Il termine sprezzatura ha però origine non musicale, e riguarda alcuni aspetti della condotta del perfetto uomo di corte. Il termine viene utilizzato e spiegato ne Il Cortegiano di Baldassare Castiglione:

« Trovo una regula universalissima, la qual mi par valer circa questo in tutte le cose umane che si facciano o dicano più che alcun altra: e cioè fuggir quanto più si po, e come un asperissimo e pericoloso scoglio, la affettazione; e, per dir forse una nova parola, usar in ogni cosa una certa sprezzatura, che nasconda l’arte e dimostri ciò, che si fa e dice, venir fatto senza fatica e quasi senza pensarvi… Da questo credo io che derivi assai la grazia: perché delle cose rare e ben fatte ognun sa la difficultà, onde in esse la facilità genera grandissima maraviglia; e per lo contrario il sforzare e, come si dice, tirar per i capegli dà somma disgrazia e fa estimar poco ogni cosa, per grande ch’ella si sia.
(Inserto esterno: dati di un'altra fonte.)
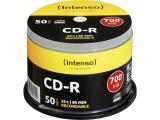 оптични устройства Intenso CD-R 50 pcs 700MB 1001125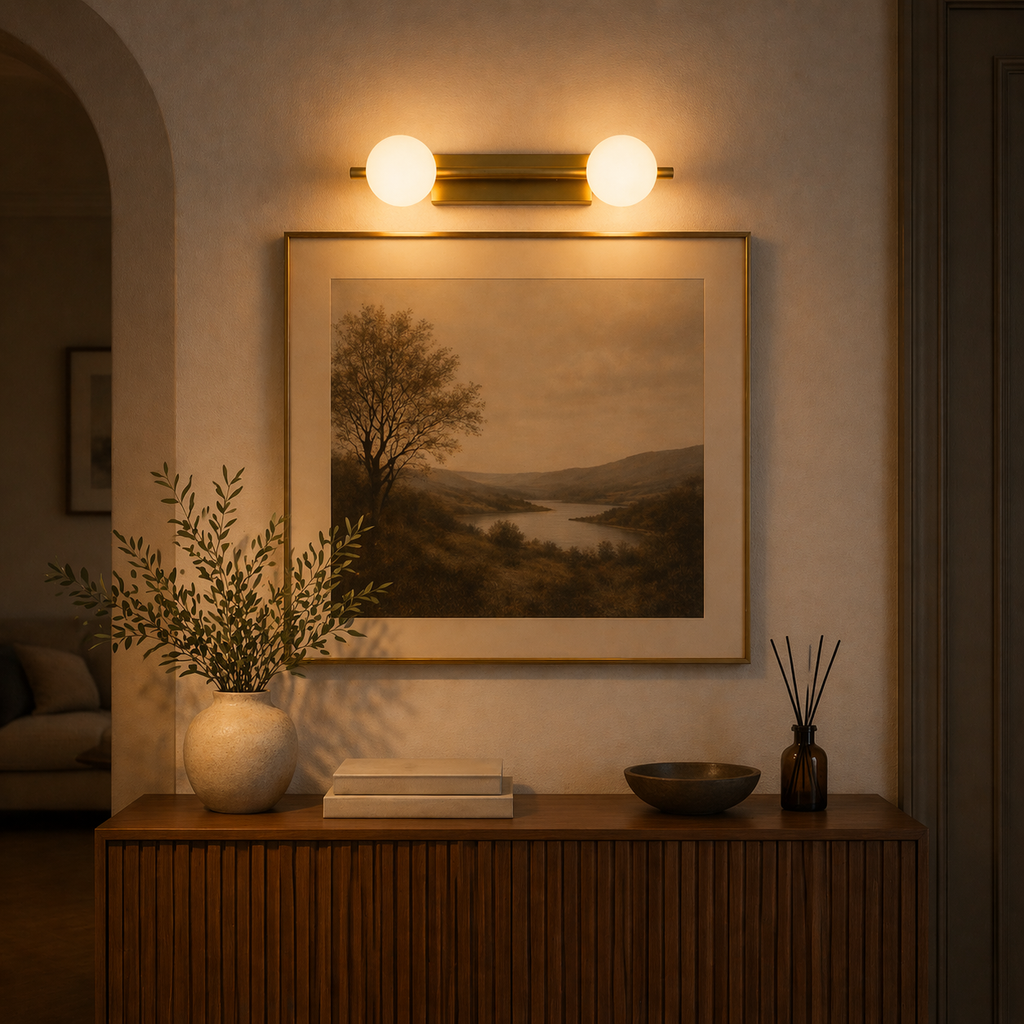 Celeste Duo Globe Wall Light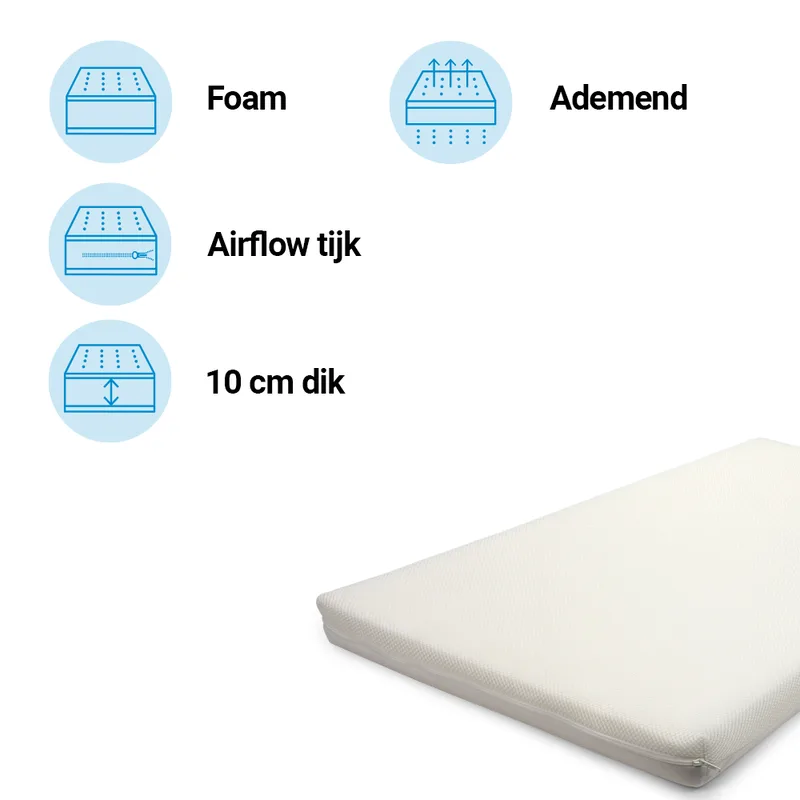 Matras Peuterbed Best Sleep 70x140 Airflow Pro van Best Sleep – productfoto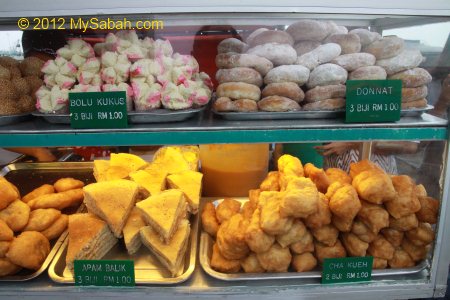 local cake and breads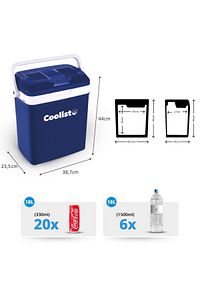 Clt18 12volt/220volt Ac/dc 18 Litre Sıcak/soğuk Oto Buzdolabı ürün fotoğrafı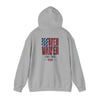 Patriotic Unisex Heavy Blend™ Hoodie - 'Never Waver Like This Mom' - Never Waver
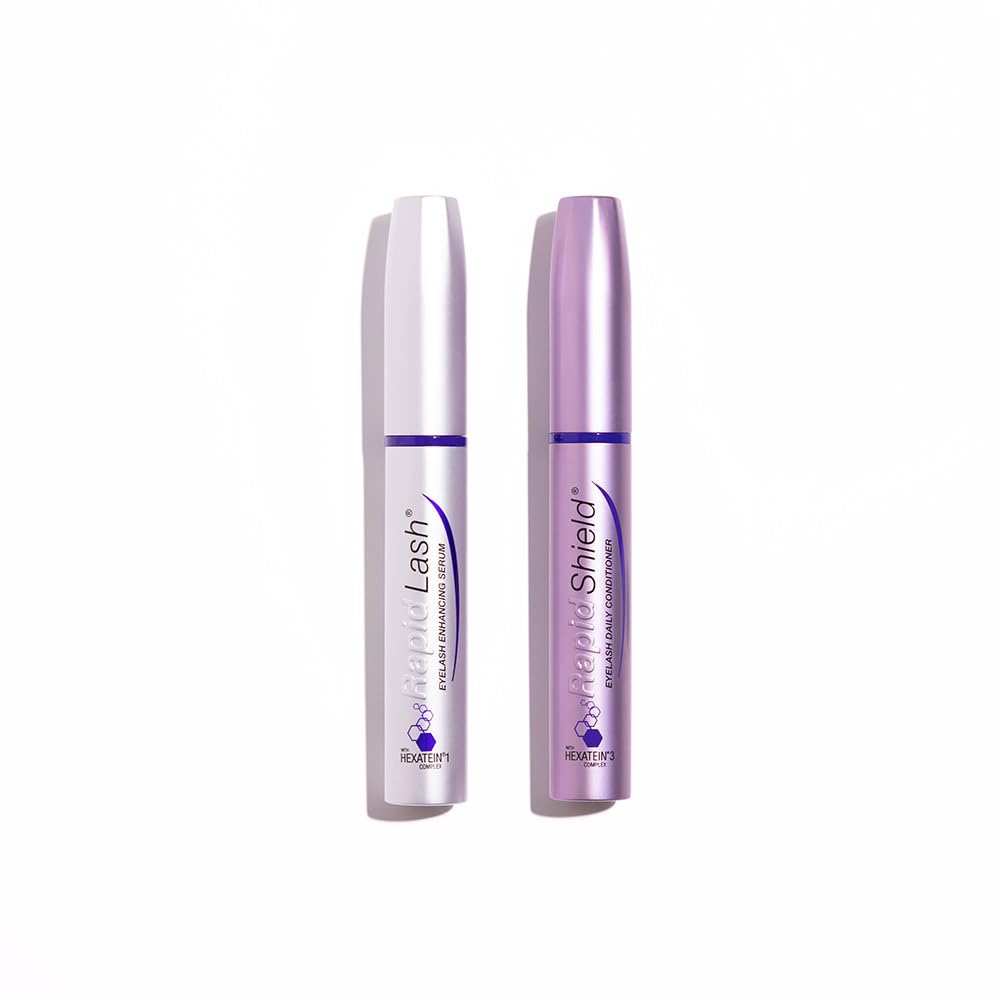 RapidLash Bundle - 1 x RapidShield Eyelash Daily Conditioner, 4 ml & 1 x RapidLash Eyelash Enhancing Serum, 3 ml (Pack of 1) - Image 2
Però si po dire quella essere vera arte, che non pare essere arte; né più in altro si ha da poner studio che nella nasconderla: perché, se è scoperta, leva in tutto il credito e fa l’omo poco estimato »
(Il Cortegiano di Baldassare Castiglione)

In questo caso quindi, la sprezzatura altro non è che la disinvoltura dell'uomo di corte che affronta le difficoltà. L'equilibrio, il controllo di sé e il sano distacco che ne fanno un perfetto cortigiano. Nell'ambito musicale questo termine indica la condotta del canto monodico sul basso continuo che si piega con grazia, agio e quindi sprezzatura alle inflessioni ed alle tensioni del testo.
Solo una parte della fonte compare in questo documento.